I added the untouched shot.



Joe Marques
Registered: Jan 22, 2004
Total Posts: 1149
Country: United States

gervaise wrote:
Thanks, Joe, this is a good simple comparision. Although I have not used RAW Shooter, I tend to agree that the ACR is the best unprocessed beyond where you left it, and I agree that the sharpening and other stuff is best done in PS/CS2. Thanks for posting this.
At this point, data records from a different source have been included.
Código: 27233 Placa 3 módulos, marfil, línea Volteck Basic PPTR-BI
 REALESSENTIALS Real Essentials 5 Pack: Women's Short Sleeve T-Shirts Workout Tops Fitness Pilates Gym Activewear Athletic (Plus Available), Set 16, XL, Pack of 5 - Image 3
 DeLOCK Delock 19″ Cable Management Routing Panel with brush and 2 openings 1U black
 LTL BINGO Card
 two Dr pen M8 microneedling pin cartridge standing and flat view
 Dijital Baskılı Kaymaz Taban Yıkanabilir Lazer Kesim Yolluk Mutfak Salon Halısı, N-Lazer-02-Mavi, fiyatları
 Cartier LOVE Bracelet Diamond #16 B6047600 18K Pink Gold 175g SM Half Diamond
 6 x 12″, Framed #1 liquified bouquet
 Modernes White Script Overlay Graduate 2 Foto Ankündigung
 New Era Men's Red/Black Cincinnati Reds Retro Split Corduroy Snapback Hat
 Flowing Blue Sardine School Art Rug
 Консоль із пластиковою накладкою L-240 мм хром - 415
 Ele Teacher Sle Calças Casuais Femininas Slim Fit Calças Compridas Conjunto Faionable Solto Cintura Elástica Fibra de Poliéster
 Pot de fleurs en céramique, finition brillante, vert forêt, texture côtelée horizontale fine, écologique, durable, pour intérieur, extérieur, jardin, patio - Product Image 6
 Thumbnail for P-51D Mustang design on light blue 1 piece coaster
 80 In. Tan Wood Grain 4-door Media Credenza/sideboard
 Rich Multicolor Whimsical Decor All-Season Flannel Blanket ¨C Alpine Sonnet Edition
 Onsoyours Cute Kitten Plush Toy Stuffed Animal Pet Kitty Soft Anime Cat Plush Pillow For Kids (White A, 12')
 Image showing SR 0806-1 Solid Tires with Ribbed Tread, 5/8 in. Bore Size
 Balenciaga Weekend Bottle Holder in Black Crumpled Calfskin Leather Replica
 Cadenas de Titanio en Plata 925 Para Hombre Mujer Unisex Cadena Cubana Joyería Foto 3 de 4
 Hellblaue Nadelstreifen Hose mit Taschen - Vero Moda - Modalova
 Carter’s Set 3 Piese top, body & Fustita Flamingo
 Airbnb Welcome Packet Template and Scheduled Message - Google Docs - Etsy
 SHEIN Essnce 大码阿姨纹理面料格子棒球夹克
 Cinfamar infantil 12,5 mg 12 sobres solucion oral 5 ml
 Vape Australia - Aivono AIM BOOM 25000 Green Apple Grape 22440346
My pleasure Gerry. Glad it was useful for you.



Joe Marques
Registered: Jan 22, 2004
Total Posts: 1149
Country: United States

pchew wrote:
Would be interested to see a result from EVU. My own experience shows that EVU gives the best skin tone for RAW conversion.

Perry


Perry, what is EVU?



Joe Marques
Registered: Jan 22, 2004
Total Posts: 1149
Country: United States

Guy Mancuso wrote:
Joe I would love it if you can throw C1 in the mix because it is a widely used converter. You can download a 30 day trial


Guy, I intended to use C1 but apparently I already had my 30 day trial (must have been well over a year ago - I vaguely remember trying it) and I don't know how to "clear" my machine (registry key?) to try it again. I might contact Phase One to unluck the trial for me.




Canon 10D
Registered: Dec 12, 2003
Total Posts: 3375
Country: United States

This might be useful
http://www.sphoto.com/techinfo/rawconverters/rawconverters.htm



pchew
Registered: Jun 16, 2003
Total Posts: 1296
Country: Canada

Ranger099 wrote:
pchew wrote:
Would be interested to see a result from EVU. My own experience shows that EVU gives the best skin tone for RAW conversion.

Perry


Perry, what is EVU?


Joe, that the previous RAW convertor Canon had before DPP. I believe it's called EOS Viewer Utility. I did some my own unscientific comparison with a bunch of RAW convertor (C1, ACR, DPP, RawEssential and EVU). In the end, I decide I like EVU for it's best skin tone and sharpness.

Perry



Jeff
Registered: Dec 31, 2002
Total Posts: 8662
Country: United States

Canon 10D wrote:
OK, dumb dumb question here
+25 color noise means adding color noise by 25%?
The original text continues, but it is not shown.